Could you print exactly the lines of the listing below, starting at the line that has "Видео: ОФП пловцов." and ending at the line that has "Photo of 2025 Glacier White Nissan Frontier", and only those lines?

Material provided: Begin

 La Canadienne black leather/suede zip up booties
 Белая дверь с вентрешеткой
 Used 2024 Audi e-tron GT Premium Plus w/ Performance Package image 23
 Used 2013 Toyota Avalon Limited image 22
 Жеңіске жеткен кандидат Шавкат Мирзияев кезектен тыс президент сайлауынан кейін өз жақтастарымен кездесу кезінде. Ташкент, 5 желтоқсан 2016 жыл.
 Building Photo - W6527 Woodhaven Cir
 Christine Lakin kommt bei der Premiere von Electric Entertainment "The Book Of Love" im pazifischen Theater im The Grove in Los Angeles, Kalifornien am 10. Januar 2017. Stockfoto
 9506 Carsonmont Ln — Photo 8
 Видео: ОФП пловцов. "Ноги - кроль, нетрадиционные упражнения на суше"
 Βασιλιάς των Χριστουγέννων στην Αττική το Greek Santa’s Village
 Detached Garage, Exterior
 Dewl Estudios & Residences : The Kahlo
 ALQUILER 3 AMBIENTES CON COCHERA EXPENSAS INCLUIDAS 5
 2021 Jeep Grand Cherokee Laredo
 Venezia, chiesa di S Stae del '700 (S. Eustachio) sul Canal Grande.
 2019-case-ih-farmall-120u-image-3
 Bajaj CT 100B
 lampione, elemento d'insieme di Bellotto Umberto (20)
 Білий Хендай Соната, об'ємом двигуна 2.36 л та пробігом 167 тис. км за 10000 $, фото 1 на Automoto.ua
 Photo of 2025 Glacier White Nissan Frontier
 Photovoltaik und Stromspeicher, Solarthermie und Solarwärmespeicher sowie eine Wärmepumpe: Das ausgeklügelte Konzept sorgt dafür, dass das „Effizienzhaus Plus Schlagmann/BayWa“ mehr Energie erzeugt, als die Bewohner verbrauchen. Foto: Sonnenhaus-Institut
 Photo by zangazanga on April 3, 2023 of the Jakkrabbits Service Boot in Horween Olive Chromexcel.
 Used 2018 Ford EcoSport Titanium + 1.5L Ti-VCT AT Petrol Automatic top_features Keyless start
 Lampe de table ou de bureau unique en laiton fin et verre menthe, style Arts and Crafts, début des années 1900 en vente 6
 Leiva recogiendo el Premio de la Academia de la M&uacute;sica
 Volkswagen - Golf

Material provided: End

### Answer below
 Видео: ОФП пловцов. "Ноги - кроль, нетрадиционные упражнения на суше"
 Βασιλιάς των Χριστουγέννων στην Αττική το Greek Santa’s Village
 Detached Garage, Exterior
 Dewl Estudios & Residences : The Kahlo
 ALQUILER 3 AMBIENTES CON COCHERA EXPENSAS INCLUIDAS 5
 2021 Jeep Grand Cherokee Laredo
 Venezia, chiesa di S Stae del '700 (S. Eustachio) sul Canal Grande.
 2019-case-ih-farmall-120u-image-3
 Bajaj CT 100B
 lampione, elemento d'insieme di Bellotto Umberto (20)
 Білий Хендай Соната, об'ємом двигуна 2.36 л та пробігом 167 тис. км за 10000 $, фото 1 на Automoto.ua
 Photo of 2025 Glacier White Nissan Frontier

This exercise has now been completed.